Records from a collection
+++

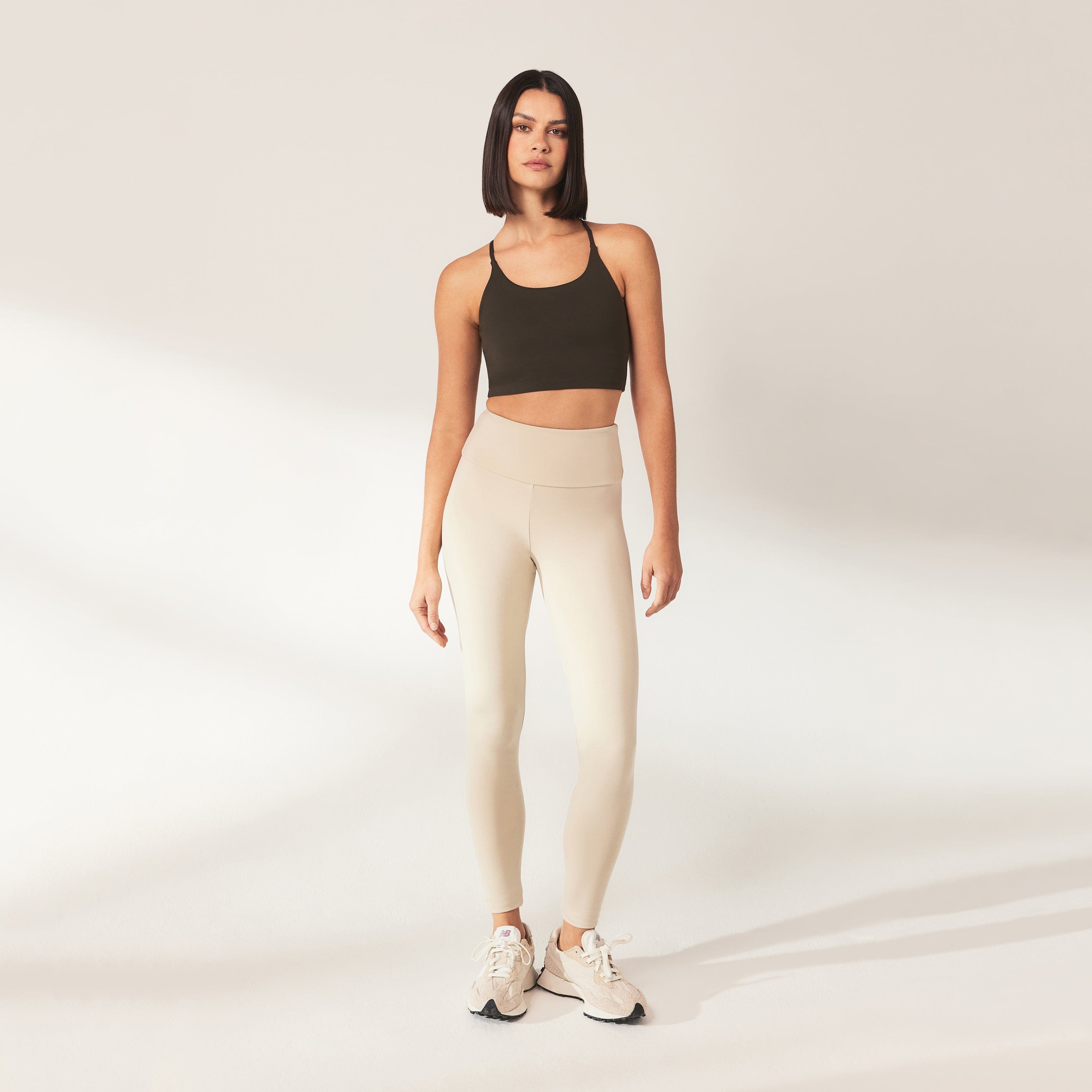Alltägliche Leichte Leggings - Naturbeige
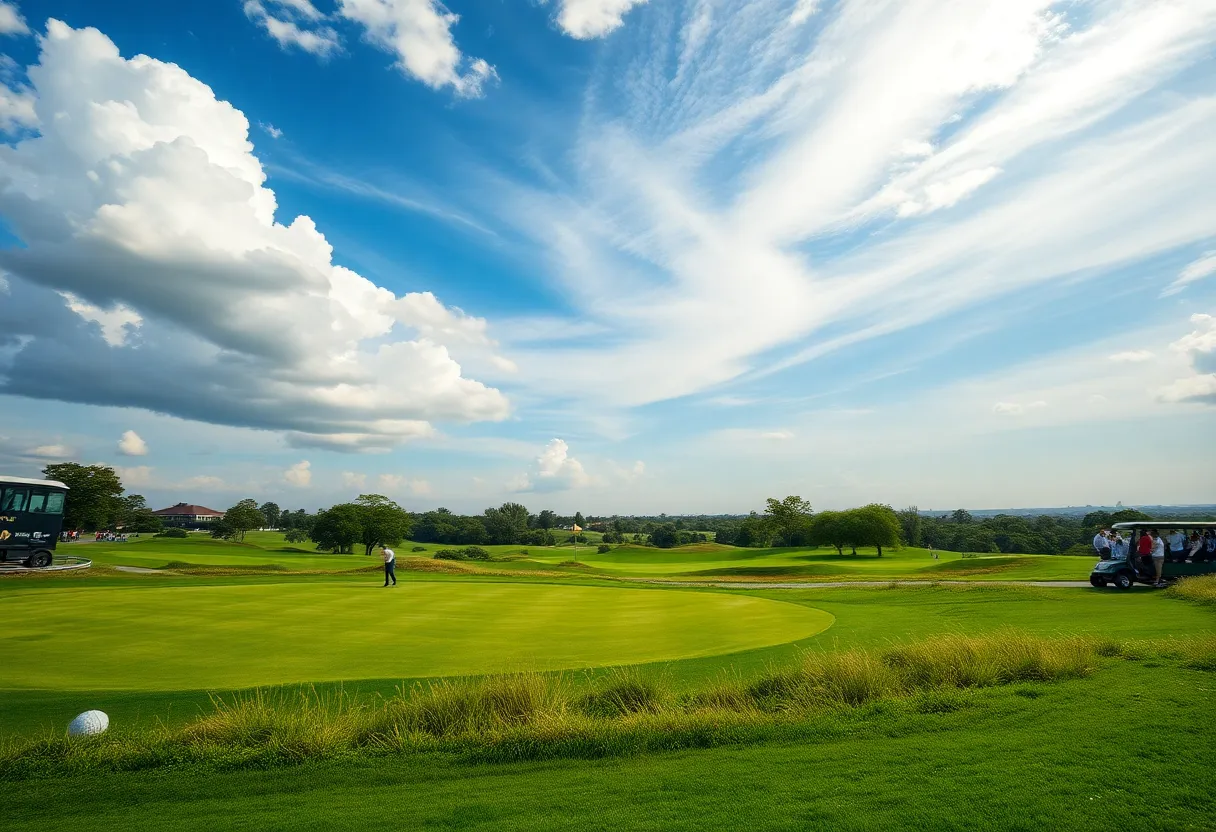 Players competing at the Abu Dhabi Golf Championship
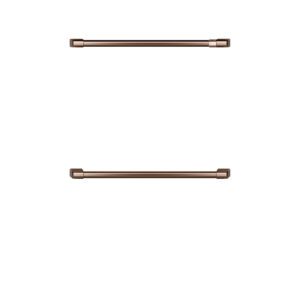 Café 2 - 30" Double Wall Oven Handles Brushed Copper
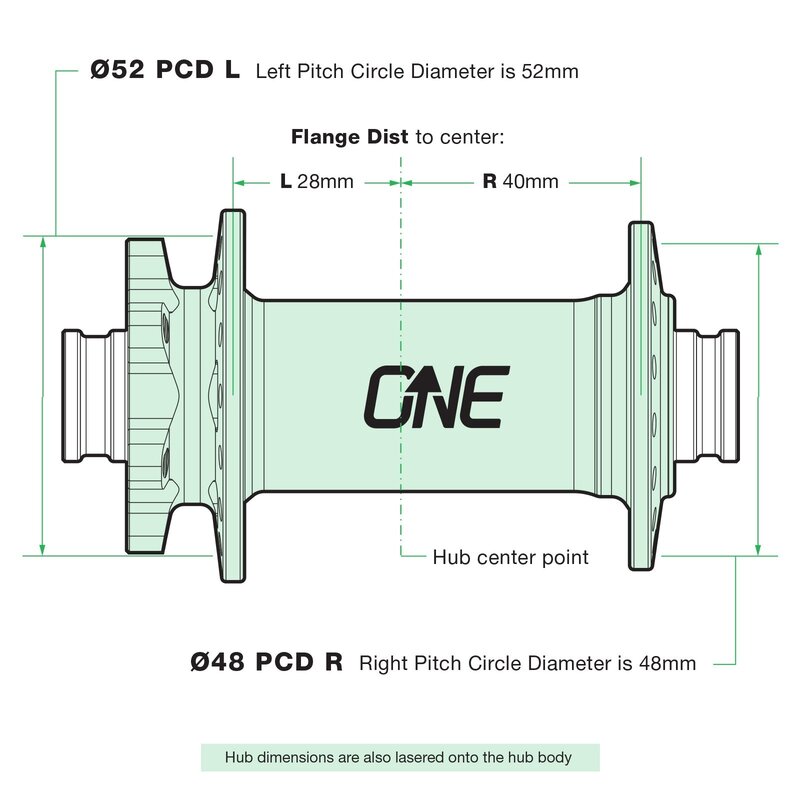 OneUp Components Moyeux Avant One Up, Hub Boost 15x110 mm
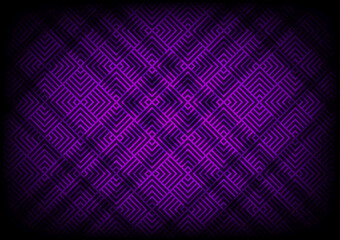 Geometric purple dark pattern tile line arrow wallpaper triangle presentation background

+++

* WHAT THIS TASK INVOLVES
Would you give the records again exactly, dropping the pictures?

* RESPONSE AREA
Alltägliche Leichte Leggings - Naturbeige
 Players competing at the Abu Dhabi Golf Championship
 Café 2 - 30" Double Wall Oven Handles Brushed Copper
 OneUp Components Moyeux Avant One Up, Hub Boost 15x110 mm
 Geometric purple dark pattern tile line arrow wallpaper triangle presentation background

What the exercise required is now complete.